If you grow or buy lots of fresh veggies, think twice before you throw away those green tops. You might want to use them so as to cut back on waste and to "eat your greens"!
NOTE: This recipe uses roux prepared in advance. See my post on roux here.
Boil the greens
Wash and de-stem any of the following greens in any combination to loosely fill an 8 qt pot:
- beet greens
- carrot tops
- lettuces (red and green leaf varieties)
- mustard greens
- turnip greens
- radish greens
- celery tops
- dandelion greens
- green onions
basil (a leaf or three; not an entire bunch)
1 gallon water
1 tsp kosher salt
- Add the water and salt to the pot along with the greens.
- Submerge the greens and simmer for about 1 1/2 - 2 hours.
- Strain the greens and put into a bowl, setting aside the cooking water in another bowl. (You'll need the pot for your roux next.)
- When the greens have cooled slightly, cut them up with kitchen scissors.
Cook the gumbo
2 - 3 Tbsp roux
1 onion, chopped
2 cloves garlic, minced
1 bell pepper, seeded and chopped
2 stalks celery, chopped
1 large turnip, chopped (optional)
smoked ham, ham hock or salt pork (optional)
3 large sprigs fresh thyme
1 bay leaf
1 can of white or red beans, rinsed and drained
1/4 tsp smoked paprika and/or a few drops of liquid smoke (highly recommended if not using smoked ham)
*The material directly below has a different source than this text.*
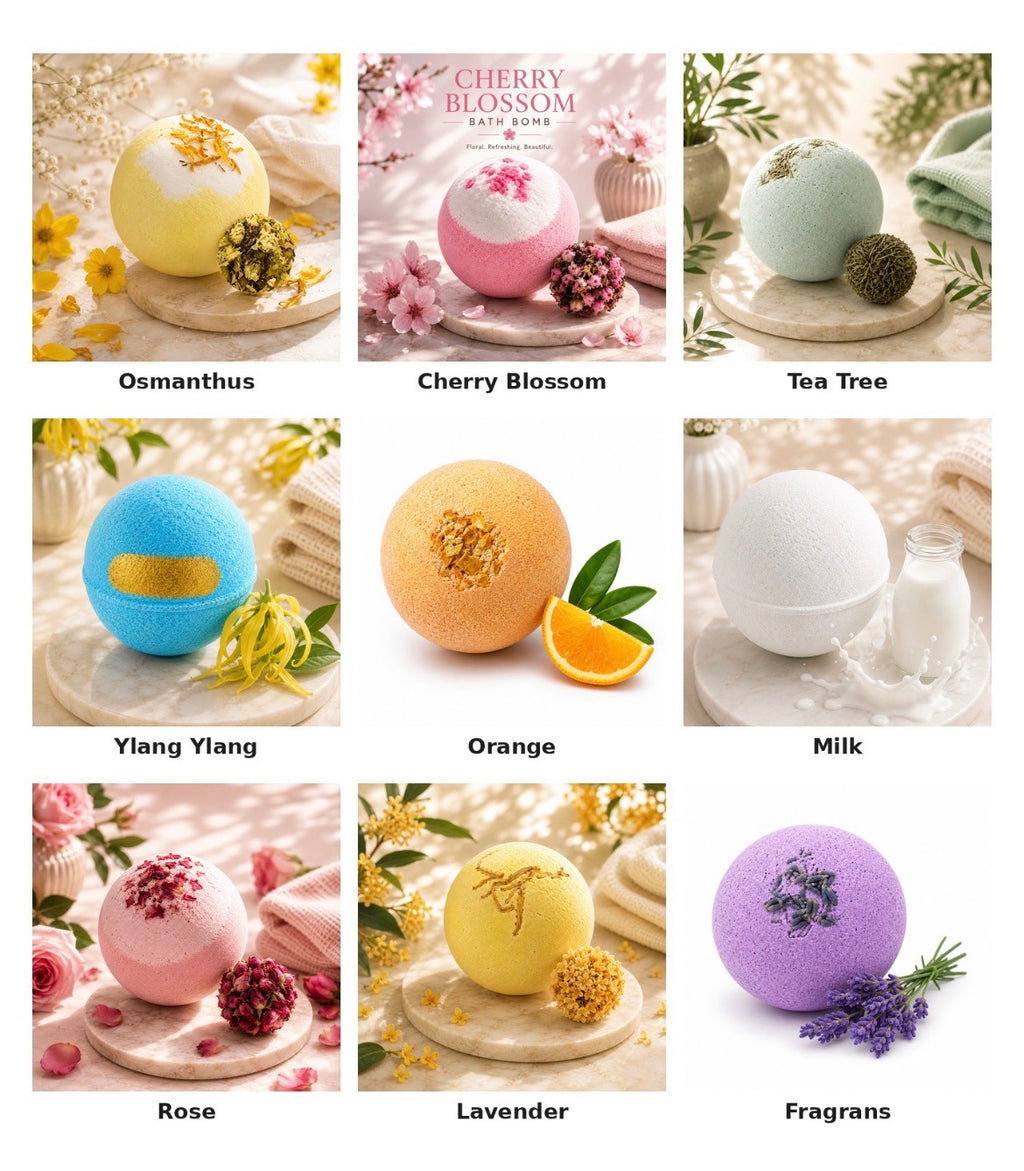 Bath Bomb – Handmade Natural Bath Bombs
splash of Angostura bitters
extra long grain rice, cooked
- Place the roux in the pot (now emptied of greens and cooking liquid).
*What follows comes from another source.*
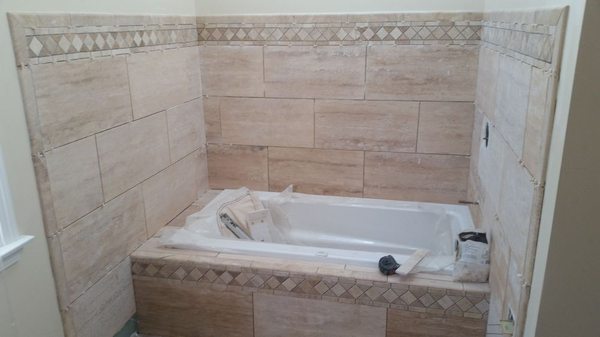 Bathroom remodel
- Add the onion, garlic, bell pepper and celery to the pot, and saute' until softened.
- Add the turnips (optional), meat (optional), greens, reserved cooking liquid, and seasonings except for file'.
- Let simmer on low for 1 to 1 1/2 hours.
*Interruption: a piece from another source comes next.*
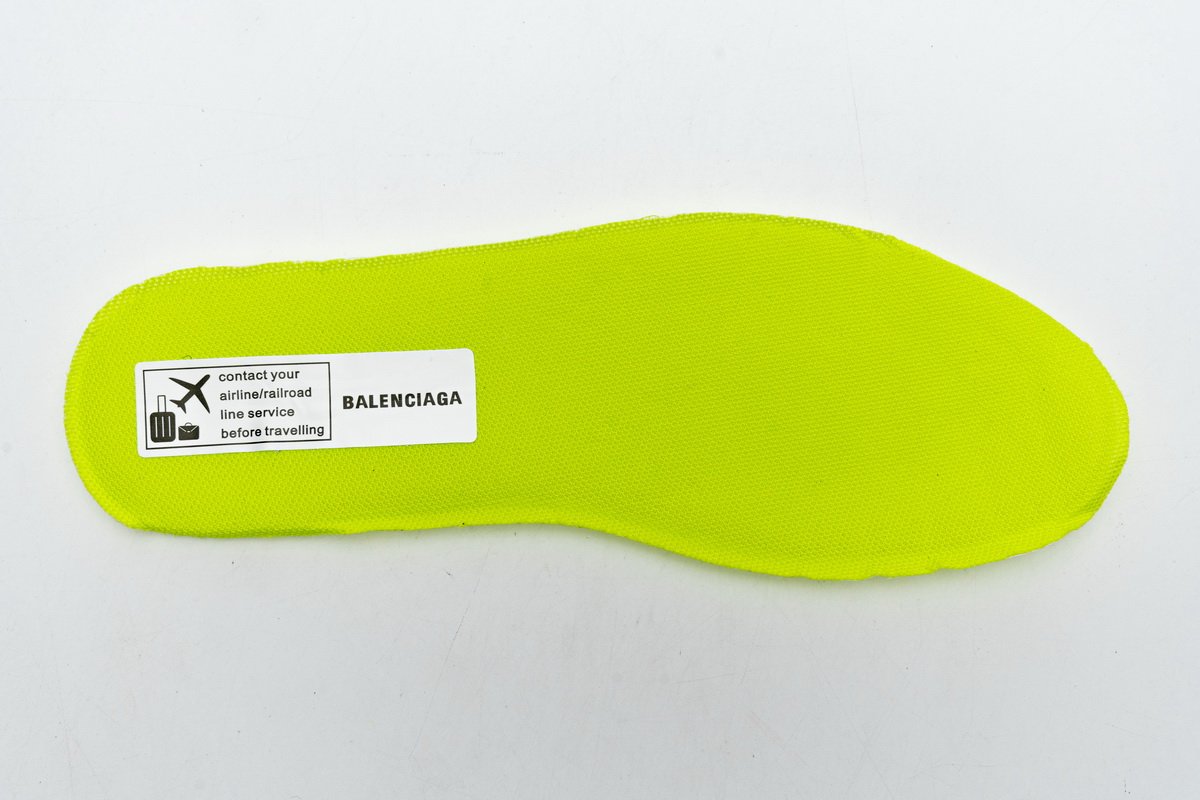 542436 w1gb7 2014 Ba*len*cia*ga tess s.fluorescent yellow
- Remove and discard the thyme stems and bay leaf.
- Using an immersion blender, puree some of the greens in the pot to slightly thicken the soup.
- Add beans, if using, and let heat through.
- If using meat, remove it from the pot and chunk or shred it and return it to the gumbo.
- Taste and adjust seasonings.
- Serve over hot, cooked rice and sprinkle with file' powder before serving.